Analysis of the genome expression data resulted in 13 relevant hub genes that were differentially expressed in cancerous samples. All of these genes are associated with collagen biosynthesis within the tumor microenvironment. We chose Collagen Type 1 Alpha 1 (COL1A1) as the most relevant prognostic marker due to its high number of pathway connections and over expression in the tumor microenvironment compared to the other 12 genes. Additionally, based on analysis of The Cancer Genome Atlas, tumors with higher levels of COL1A1 expression are associated with poorer overall survival. Finally, evaluation of clinical biopsy samples suggests that overexpression of COL1A1 in the LSCC microenvironment highly correlates with lymph node metastasis. These results suggest COL1A1 is a clinically relevant marker that should be used to justify lymphadenectomies.

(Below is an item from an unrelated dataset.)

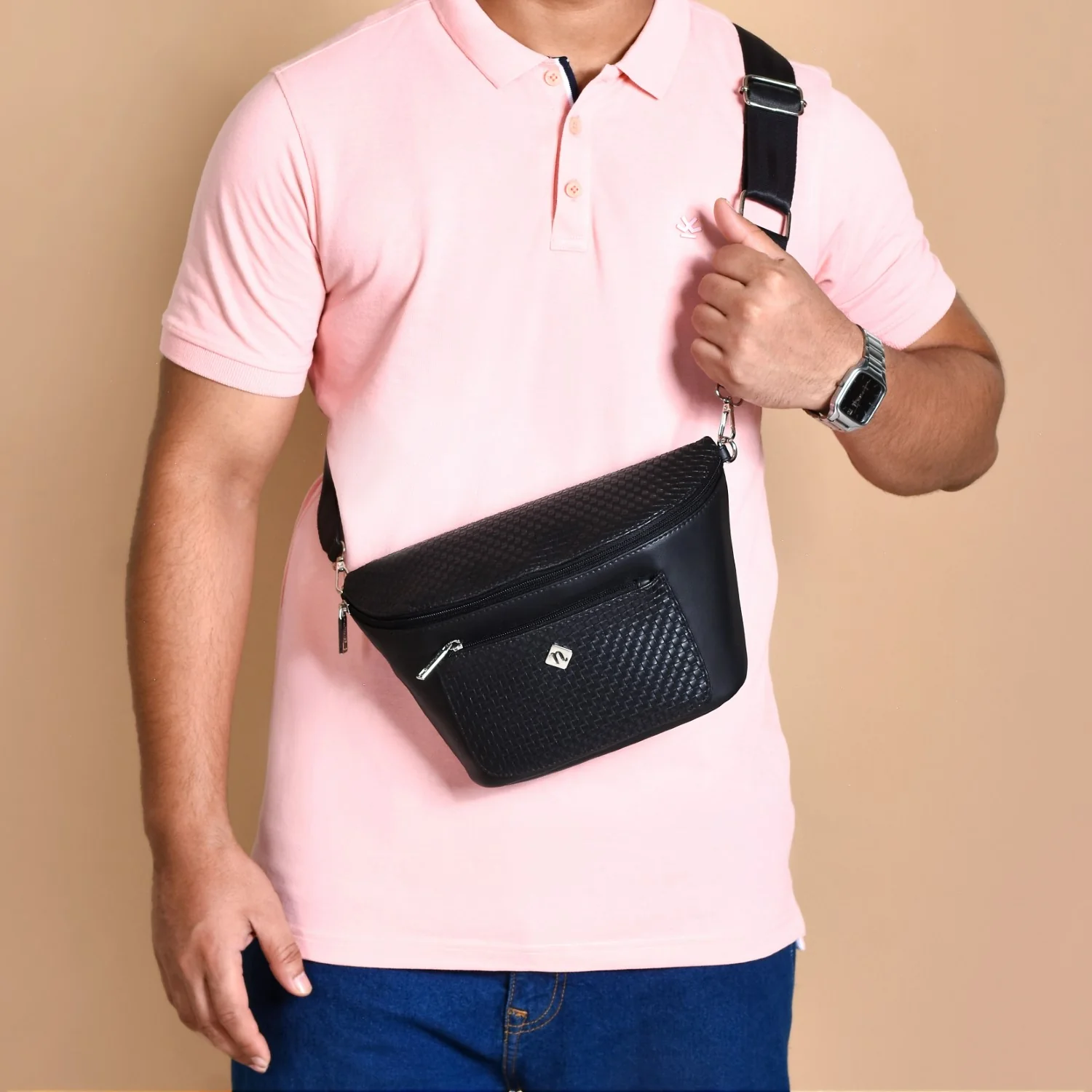 Unisex Black Crossbody Bag - Image 11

肺鳞状细胞癌是一种极其常见且致命的非小细胞肺癌形式。该疾病的临床管理取决于分期和转移状态。淋巴结转移的诊断尤为关键,因为其发生在较早阶段。然而,淋巴结切除术具有侵入性,并且在评估过程中肿瘤细胞可能被忽视。目前用于预测肺鳞状细胞癌(LSCC)淋巴结转移的获批生物标志物有限。

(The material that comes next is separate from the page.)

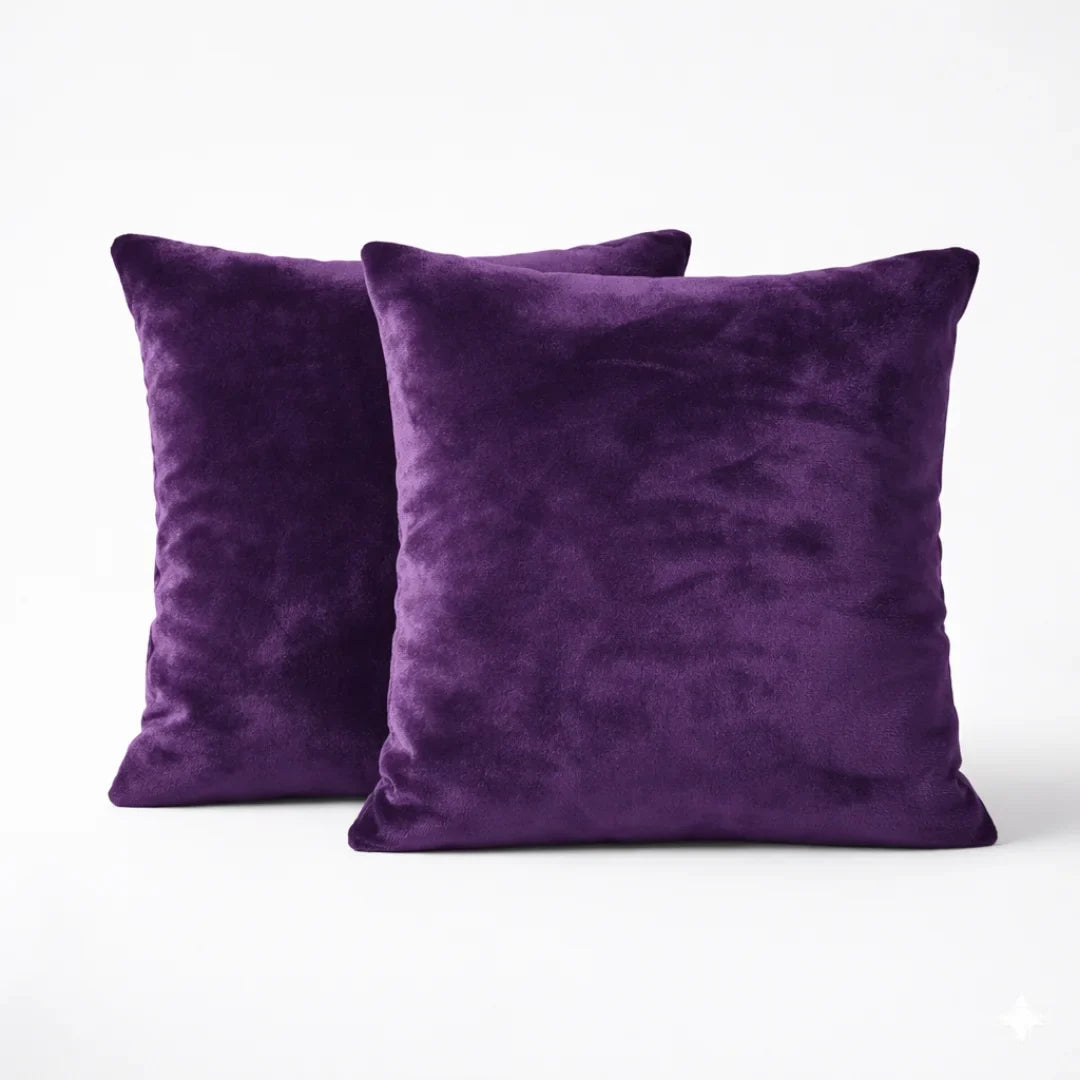 Plain Fleece Cushions – Plush Comfort with Hidden Zipper (Set of 2)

从基因表达综合数据库下载了60个肿瘤邻近样本的基因组数据。我们使用Cytoscape软件识别过表达的关键预后标记基因。根据基因本体论以及与正常组织相比的整体表达水平,对所选标记物进行进一步评估,数据来源于癌症基因组图谱。我们使用取自鳞状细胞癌患者的临床活检组织进一步验证了这些结果。
对基因组表达数据的分析产生了13个在癌组织样本中差异表达的相关关键基因。所有这些基因都与肿瘤微环境中的胶原蛋白生物合成相关。由于与其他12个基因相比,其在肿瘤微环境中的通路连接数量多且过表达,我们选择I型胶原蛋白α1(COL1A1)作为最相关的预后标记物。此外,基于癌症基因组图谱的分析,COL1A1表达水平较高的肿瘤与较差的总生存率相关。最后,对临床活检样本的评估表明,LSCC微环境中COL1A1的过表达与淋巴结转移高度相关。这些结果表明COL1A1是一种临床相关标记物,应用于支持淋巴结切除术的合理性。